**Given information**
*** Begin section ***

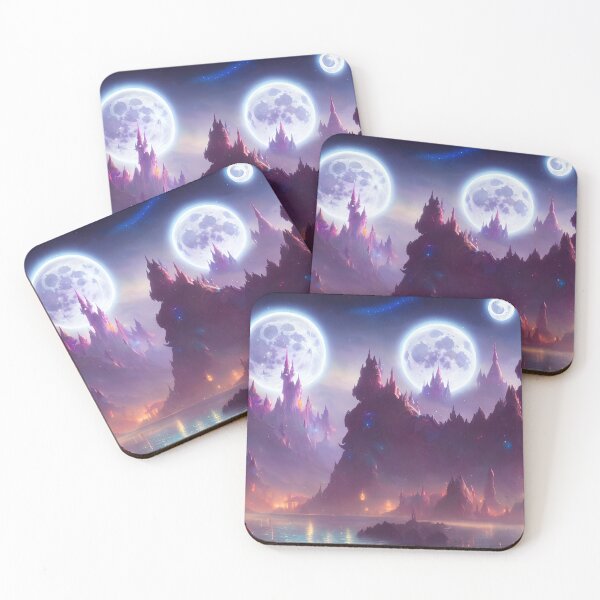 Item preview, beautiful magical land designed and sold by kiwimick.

*** End section ***
*** Begin section ***

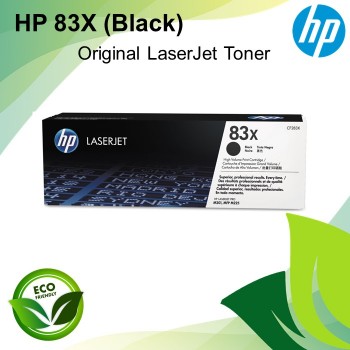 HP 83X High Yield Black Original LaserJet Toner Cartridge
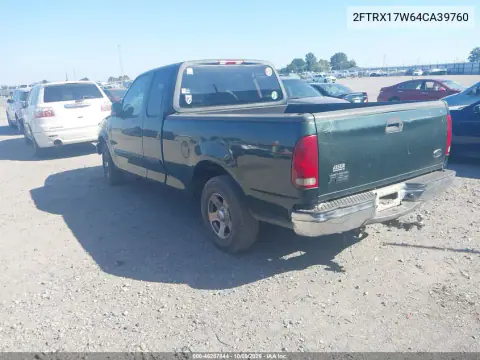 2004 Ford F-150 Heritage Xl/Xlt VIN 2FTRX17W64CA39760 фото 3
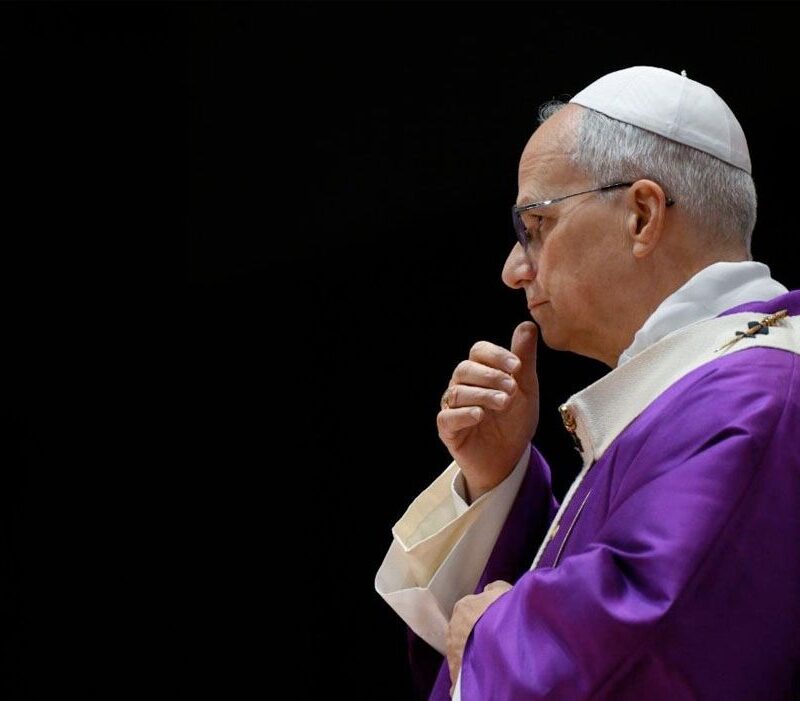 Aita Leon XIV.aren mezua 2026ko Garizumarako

*** End section ***

**Description of the task**
No picture is to be printed. Output exactly the lines above from the line containing "HP 83X High" through the line containing "Aita Leon XIV.aren mezua 2026ko Garizumarako".

**Output for this task**
 HP 83X High Yield Black Original LaserJet Toner Cartridge
 2004 Ford F-150 Heritage Xl/Xlt VIN 2FTRX17W64CA39760 фото 3
 Aita Leon XIV.aren mezua 2026ko Garizumarako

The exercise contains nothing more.